Morocco: The National Initiative for Human Development (INDH) was launched in 2005 to improve the living conditions of poor and vulnerable groups through enhanced economic opportunities, better access to basic and social services, and improved governance. Phase 2 of INDH (2011-2015) expanded the target population and geographic scope from 667 to 1,234 communities and from $1.2 billion to $2.1 billion over five years. The World Bank supported the second phase of INDH through its first Program-for-Results operation, focusing on enhancing access and quality in service provision; strengthening participatory local governance and social accountability; enhancing economic inclusion; and supporting capacity and systems development.
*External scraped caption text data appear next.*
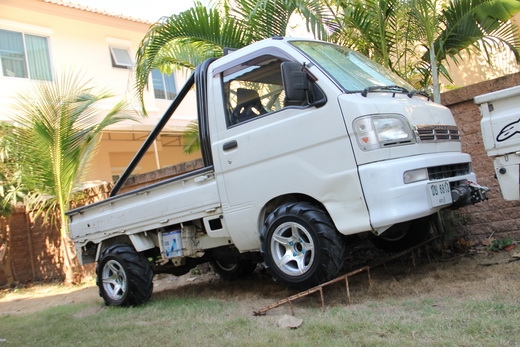 จำหน่ายรถ อะไหล่  ตกแต่ง  >>>รถกระป้อ4x4 <<<<<
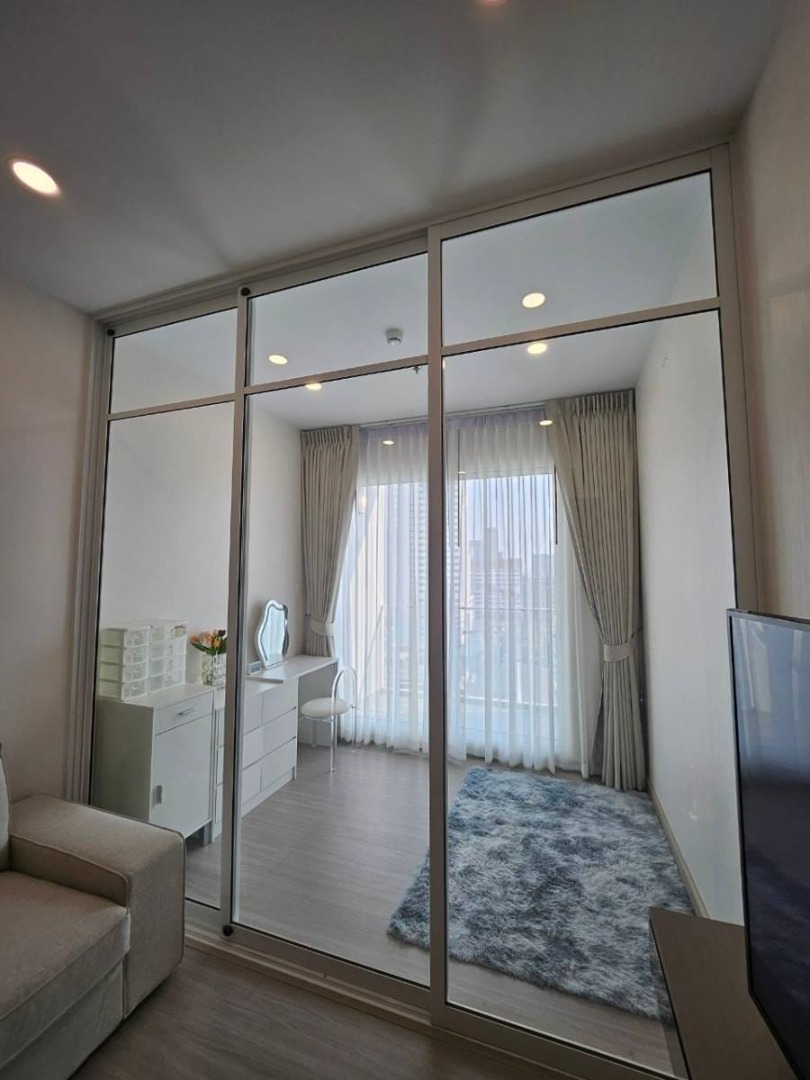 ห้องใหญ่ มีโซนทำงานแยกเป็นส่วนตัว / Supalai Premier  Si Phraya Samyan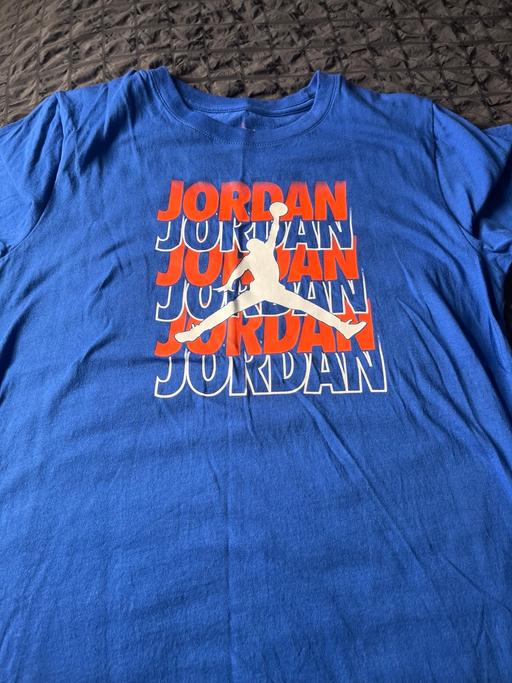  — Boys Jordan top age 13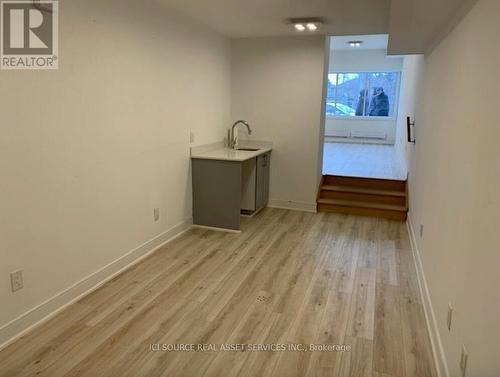 553 Lakeshore Road E, Mississauga, ON 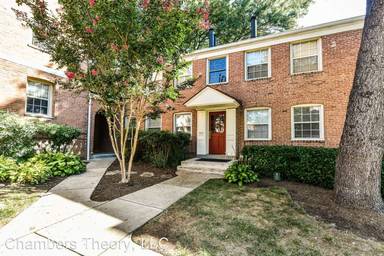 Main picture of 2603 Arlington Blvd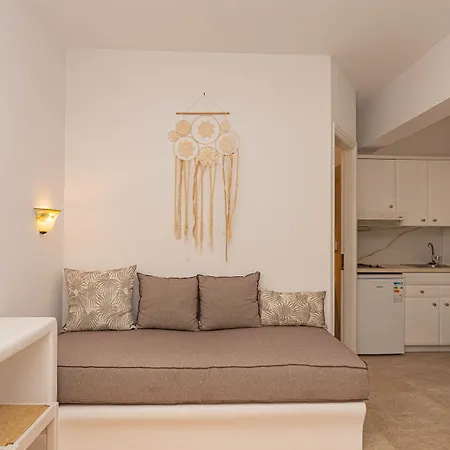 מלון דירות Paradise 4*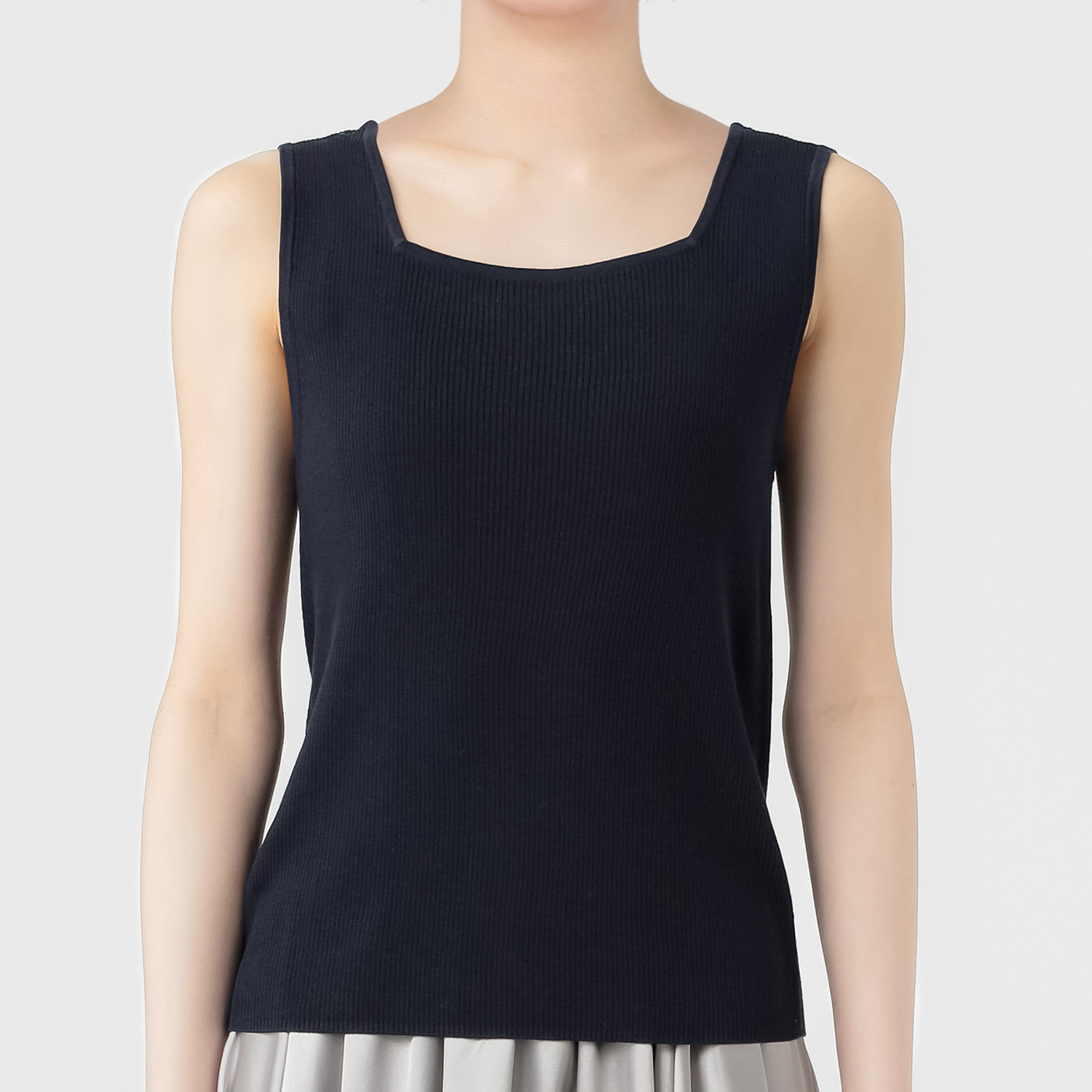 エマキュレイト スクエアネック ２ウェイ タンクトップ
From 2005 to 2015, over 45,000 community-driven sub-projects were financed, providing more than 10 million beneficiaries with access to basic social and economic infrastructure services and training. The INDH impact evaluation showed: an 86% increase in the number of households with access to improved water supply; 84% of girls in project-supported dormitories graduating to the next grade; a 21% increase in average household income; and 62% increased access to basic infrastructure such as roads, electricity, sanitation, schools, and local health centers.
Bolivia: The $40 million Community Investment in Rural Areas Project has an overall goal to fight extreme rural poverty among small landholders, particularly indigenous populations. Starting in late 2011, the project has since transferred responsibility and resources to more than 362,620 rural inhabitants in 656 highly vulnerable communities (30% above the target of 500 communities), and supported 880 sub-projects to improve access to basic and productive infrastructure for rural households. To date, the project has increased road access for more than 29,866 people, and expanded or improved irrigation for more than 73,638 beneficiaries. In 2015, the government received a $60 million Additional Financing credit to expand and deepen the success of the project to reach an additional 200,000 beneficiaries.
Nigeria: The Community and Social Development Project (CSDP) has benefitted 23 million people across 29 states. An impact evaluation of CSDP indicated reduced maternal and child mortality; increased school enrolment and attendance; reduced distance, cost, and time of accessing water, healthcare services, and electricity; and increased earnings from farming. This led some states and local governments to adopt the CDD approach and increase local budget allocations to community-led activities. The World Bank approved an additional loan of $75 million to expand welfare provision and enhance services to communities, especially the internally displaced affected by the conflict in Northeast Nigeria.